GEORGE: The songs on the album as well, they span so many years. We've being playing for nine years now, nearly ten years, so there's songs that have gone through regenerations from four or five years ago that have made it on the record. It's kind of special - we're not really going to have as much time to write another record, really. There was a lot of time and a lot of different times in our lives that went into the record, and it became a really honed thing by the time it came time to record it.
CDM: I always really admire decisions like turning down a support slot for Rihanna, because I feel like a lot of bands care more about their brag-sheet or things they've done, rather than what they've actually accomplished. Was there anything in particular that really influenced you to be always considering the band's career in the long-term?
MATTY: Making music, because we like music. I think the music industry is so controlled by the ideas that surround music - music as a formula - but the act of creating music, is the foundation of why we do it. We started a band at thirteen - so when you start a band at that age, you’re doing it for immediate reaction, for immediate fun.
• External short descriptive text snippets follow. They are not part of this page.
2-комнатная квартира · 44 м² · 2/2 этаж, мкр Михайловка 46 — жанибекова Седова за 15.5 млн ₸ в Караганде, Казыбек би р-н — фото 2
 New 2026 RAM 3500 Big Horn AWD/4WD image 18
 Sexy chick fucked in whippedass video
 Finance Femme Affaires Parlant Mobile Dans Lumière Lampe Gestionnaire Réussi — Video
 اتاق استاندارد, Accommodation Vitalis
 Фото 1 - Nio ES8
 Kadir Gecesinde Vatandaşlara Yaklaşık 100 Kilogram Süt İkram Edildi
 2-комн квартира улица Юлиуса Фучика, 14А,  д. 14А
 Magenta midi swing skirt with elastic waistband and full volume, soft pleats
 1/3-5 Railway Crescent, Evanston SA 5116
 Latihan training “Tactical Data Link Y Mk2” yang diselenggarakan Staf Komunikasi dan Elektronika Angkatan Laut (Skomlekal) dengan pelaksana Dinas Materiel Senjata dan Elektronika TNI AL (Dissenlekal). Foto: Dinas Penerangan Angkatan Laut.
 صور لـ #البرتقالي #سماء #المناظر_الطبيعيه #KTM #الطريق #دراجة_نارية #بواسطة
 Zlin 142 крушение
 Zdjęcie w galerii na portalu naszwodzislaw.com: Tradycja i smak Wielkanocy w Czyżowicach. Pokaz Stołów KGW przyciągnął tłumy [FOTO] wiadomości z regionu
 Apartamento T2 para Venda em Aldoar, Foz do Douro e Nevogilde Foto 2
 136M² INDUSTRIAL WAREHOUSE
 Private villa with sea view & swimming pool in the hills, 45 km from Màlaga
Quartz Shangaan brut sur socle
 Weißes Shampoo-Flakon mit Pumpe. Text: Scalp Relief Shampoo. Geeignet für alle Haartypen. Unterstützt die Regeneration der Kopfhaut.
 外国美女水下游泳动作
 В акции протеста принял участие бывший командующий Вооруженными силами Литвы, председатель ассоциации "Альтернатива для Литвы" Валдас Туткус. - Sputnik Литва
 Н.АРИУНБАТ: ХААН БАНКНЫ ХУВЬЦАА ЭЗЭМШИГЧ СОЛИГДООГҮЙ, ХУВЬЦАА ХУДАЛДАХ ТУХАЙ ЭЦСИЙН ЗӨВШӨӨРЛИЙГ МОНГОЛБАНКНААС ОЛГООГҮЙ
You're not doing it because you want to be cool, you're doing it for the same reason you play a video game or play football. Now that idea, that mantra, has never really left us. And that's why we've never really been embraced in the UK by the 'hipster press'. For example, we've been voted as one of the worst bands of the year by the NME, and it doesn't really bother us because those kinds of publications and those ideas are based around the frivolous brittle elements that surround music, and not actually about music itself. It's all about what's cool, or what's past, or what's present - whereas that doesn't affect us. We just like making music, and we're lucky that we've been embraced enough to actually just do that. Fuck everything else it doesn't really matter, that's what we think.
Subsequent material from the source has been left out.